Mark is starting to see the social injustices in the world and also realizes that Lake Livingston is a mysterious place. He’s surrounded by abandoned villages haunted by family secrets and finds evidence of a cult of religious backwoods snake handlers. As he journeys into manhood he finds the world is more complicated than he thought and wrong decisions may cost him his life.
Lost Girl Of The Lake by Joe McKinney and Michael McCarty is about how a series of odd events shape a young man’s life. The passage that really hooked me into this story was early on when we hear Mark being introspective as an adult about his childhood. He states that “the man and the boy don’t speak the same language anymore.” He then describes the difference between how an adult thinks compared to how a child’s mind works. The beginning of this coming of age tale had a Stephen King feel to it that made me want to keep reading.

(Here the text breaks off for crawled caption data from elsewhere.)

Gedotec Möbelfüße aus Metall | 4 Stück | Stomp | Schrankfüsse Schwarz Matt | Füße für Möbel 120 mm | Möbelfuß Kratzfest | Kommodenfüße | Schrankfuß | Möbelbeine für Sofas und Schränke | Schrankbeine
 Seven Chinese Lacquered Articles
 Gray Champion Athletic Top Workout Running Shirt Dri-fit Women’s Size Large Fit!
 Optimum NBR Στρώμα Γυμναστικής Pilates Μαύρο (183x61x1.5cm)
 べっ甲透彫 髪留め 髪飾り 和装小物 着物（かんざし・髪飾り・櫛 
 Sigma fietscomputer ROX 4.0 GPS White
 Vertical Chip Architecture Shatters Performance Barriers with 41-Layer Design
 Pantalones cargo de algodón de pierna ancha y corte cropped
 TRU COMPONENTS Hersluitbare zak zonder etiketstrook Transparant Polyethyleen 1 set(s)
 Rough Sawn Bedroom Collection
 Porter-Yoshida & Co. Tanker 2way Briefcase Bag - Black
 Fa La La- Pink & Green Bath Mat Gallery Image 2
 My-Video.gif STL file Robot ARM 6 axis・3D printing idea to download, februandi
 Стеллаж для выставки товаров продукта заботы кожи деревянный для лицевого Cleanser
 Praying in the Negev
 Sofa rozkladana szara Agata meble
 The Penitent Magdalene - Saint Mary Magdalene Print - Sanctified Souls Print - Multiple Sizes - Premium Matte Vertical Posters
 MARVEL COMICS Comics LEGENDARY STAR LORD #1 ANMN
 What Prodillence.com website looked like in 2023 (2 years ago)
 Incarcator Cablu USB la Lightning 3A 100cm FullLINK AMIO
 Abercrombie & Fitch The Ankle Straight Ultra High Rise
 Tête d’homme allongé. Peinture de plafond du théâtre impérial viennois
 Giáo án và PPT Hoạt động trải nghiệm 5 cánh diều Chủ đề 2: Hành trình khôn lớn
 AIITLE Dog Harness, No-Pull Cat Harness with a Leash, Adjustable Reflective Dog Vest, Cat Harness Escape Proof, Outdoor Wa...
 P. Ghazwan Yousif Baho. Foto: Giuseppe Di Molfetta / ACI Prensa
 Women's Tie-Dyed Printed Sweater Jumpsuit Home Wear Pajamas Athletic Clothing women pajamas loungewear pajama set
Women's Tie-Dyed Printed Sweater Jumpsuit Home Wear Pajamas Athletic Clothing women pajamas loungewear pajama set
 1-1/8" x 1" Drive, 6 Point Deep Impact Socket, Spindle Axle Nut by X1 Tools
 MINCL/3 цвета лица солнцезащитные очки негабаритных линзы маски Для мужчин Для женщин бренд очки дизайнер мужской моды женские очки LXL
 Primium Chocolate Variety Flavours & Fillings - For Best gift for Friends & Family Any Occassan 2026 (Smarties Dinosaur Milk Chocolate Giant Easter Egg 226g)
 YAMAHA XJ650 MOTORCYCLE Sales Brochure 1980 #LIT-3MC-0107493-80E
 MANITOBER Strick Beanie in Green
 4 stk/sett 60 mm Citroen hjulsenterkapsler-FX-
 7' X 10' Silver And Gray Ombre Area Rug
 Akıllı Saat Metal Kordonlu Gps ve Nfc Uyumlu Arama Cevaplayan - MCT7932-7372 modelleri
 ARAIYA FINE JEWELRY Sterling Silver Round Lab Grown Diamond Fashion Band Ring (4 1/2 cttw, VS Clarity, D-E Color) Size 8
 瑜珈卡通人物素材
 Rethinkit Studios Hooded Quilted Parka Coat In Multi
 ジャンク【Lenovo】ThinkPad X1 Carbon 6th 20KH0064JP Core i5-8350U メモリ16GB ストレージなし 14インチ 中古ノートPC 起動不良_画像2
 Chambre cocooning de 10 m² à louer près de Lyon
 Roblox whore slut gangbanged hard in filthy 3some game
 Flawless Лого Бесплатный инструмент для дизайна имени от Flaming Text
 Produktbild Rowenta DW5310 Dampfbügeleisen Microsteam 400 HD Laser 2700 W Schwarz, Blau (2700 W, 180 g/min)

What I enjoyed most in this story is how a lot of it is open to interpretation. The authors paint a picture by the way they describe the setting. Also the use of imagery like the butterflies that gather at the lake, the abandoned town, the Copperhead snakes and the dreams that Mark is having are metaphors and they all shape the man he will become. It’s up to the reader to wonder what the meaning behind everything and how it affects the characters in the story.
For a short novella there is a lot going on in this book and every little detail seems to have a deeper meaning. I enjoyed the references to pulp fiction magazines in the story and since at points it felt like the pulp fiction that Mark reads I thought it was a good metaphor. Another scene I liked that illustrated what its like to be on the edge of adulthood was when Mark and his friend are heading to the lake to look at “spicy” pulp magazines and have to keep a look out for anyone who may get them in trouble for having them. At one point Mark tries to walk away but his friend urges him to stay which leads to something that illustrates what 15-year-old boys are like.
Whether you like this book or not will depend on what you’re looking for. If you’re expecting a good horror story or a tale with a lot of supernatural activity you may be disappointed. On the other hand if you are into coming of age stories that make you think about how certain events shape your life then you will like this novella. This is a story of the loss of innocence, the road to adulthood and how your reaction to what’s happening around you affects your life.